In the case of Virginia's velvet gallopers Valkyrie, I would have to say yes.
It’s been seven years since the band’s last release, Man of Two Visions, and that long stretch has seen the fuzzier end of the doom spectrum become oversaturated to the point where many roll their eyes and simply sidestep most anything that gets stamped with a sweetleaf. And I get it – folks have things to do, people to see, acreage to hoe and wells to dig, and in too many cases, these tunes ain’t getting any shorter.

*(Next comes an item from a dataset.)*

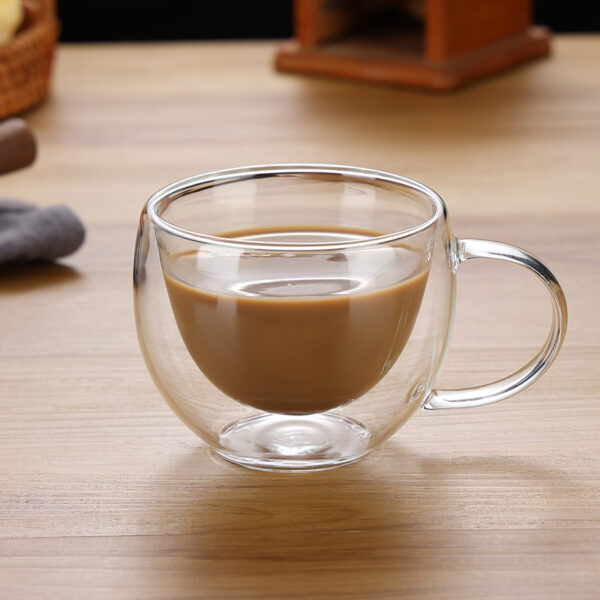 150ml Coffee cup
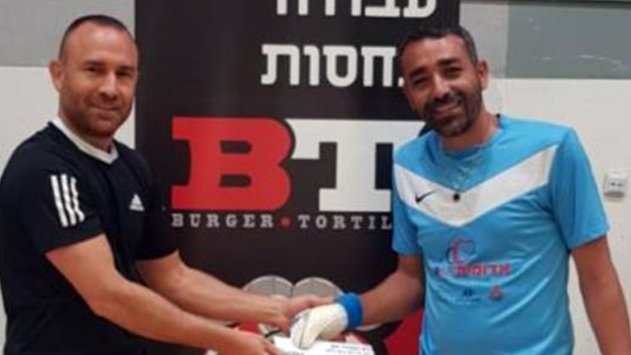 ישרוטל ממשיכה לדהור קדימה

But even if it's become somewhat unstylish to tag something stoner, there's still plenty of good to be found, and this particular branch of metal will never need the mainstream as long as we have bearded wizards floating on pillowy cushions and ripping through Kirby’s Epic Yarn while Sleep’s Holy Mountain drifts in the foreground. In the interest of saving people time sifting through a stack of half-baked contenders, however, there are two records from 2015 that stand pretty tall as top-shelf picks for the interested ear: Elder’s fantastic Lore, and this little record right’chere.
What’s particularly satisfying about Shadows and Valkyrie in general is the fact that the band manages all the coolness, the comfort and the “jaminess” so often associated with this style in a way that’s raw & free, yet refreshingly succinct. That easy, organic touch has a lot to do with the fact that the record sounds as if Sanford Parker had the guys roll into the studio and knock through these seven tunes just as though they’d stepped onto a stage to play in front of a comfortable gathering at a local club. And it may seem strange to praise an album for keeping things under 45-minutes, but by God, it's very much appreciated during an age when nearly every form of entertainment continues to test fans' endurance. These tunes are just long enough to get lost in, but not so stretched that you need to take a whiz break halfway through the record.

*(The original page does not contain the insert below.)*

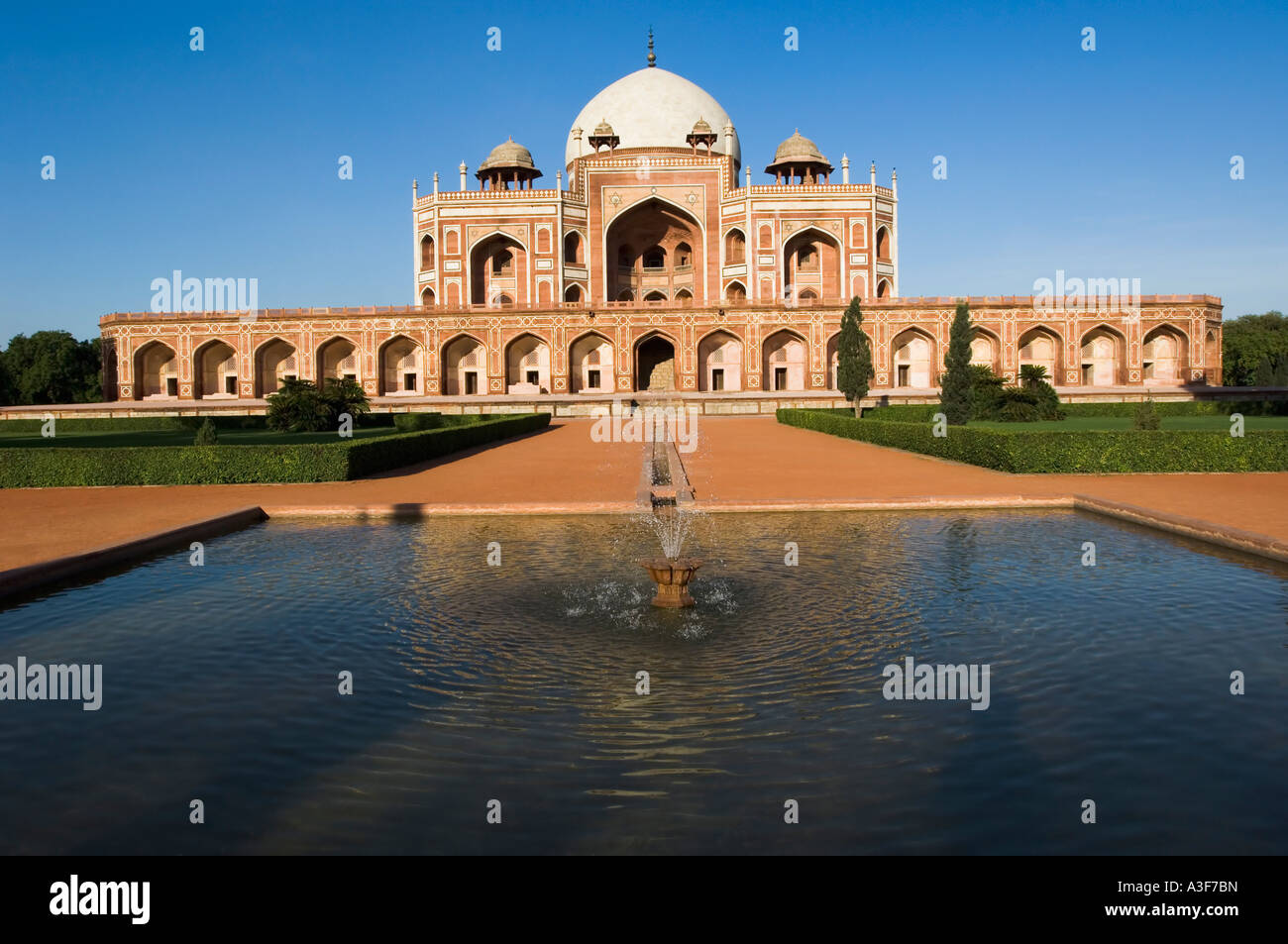 Tomb in front entrance hi-res stock photography and images - Alamy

As for the music itself, things are still cut from a similar cloth as the band’s two previous works, but Shadows touches the corners with a stronger level of, for lack of a better term, seriousness. Outside of the bright, light-hearted manner in which “Mountain Stop” opens the show (the tune features a vibraslap, for hell’s sake), the bulk of the record’s midsection streaks the breezy feeling with that sobering sort of acknowledgement one gets when you're ripe enough to recognize that life's radiance needs to be ferociously appreciated, because its fleeting. Call it maturity, solemnity, or whatever-the-hell you want, it's the sort of thing that brings a touch more darkness to the Valkyrie game. “Shadow of Reality,” for example, kicks off with a wonderfully smooth, buttery stretch that’s as pleasant as a late August afternoon on a hillside, but that beautifully somber span at its close delivers a warmly pensive touch. The aptly titled “Wintry Plains” throws similar shade, feeling a bit like a heavier version of Robin Trower at times:
There is an undeniable comfort and optimism that comes along with the immediately recognizable vocal harmony of the Adams brothers, however, so the good times are never far away. Plus, despite the fact that all the players get plenty of opportunity to shine, Pete and Jake’s twin axe attack takes center stage once again, and that means melodic fret-fondling combustibility on a Slough Feg (via Thin Lizzy) level. Suffice to say, if fiery leads ain’t typically your thing, run away as if your mother's life depends on it. Every tune on Shadows is lifted by a double-headed attack of leads that either climb like gliders on a thermal, or split the sky like eagles fuckin', and they’re directly responsible for delivering a sense of urgency to the record that spurns the typical couch-sloth temperament in favor of inspiring action.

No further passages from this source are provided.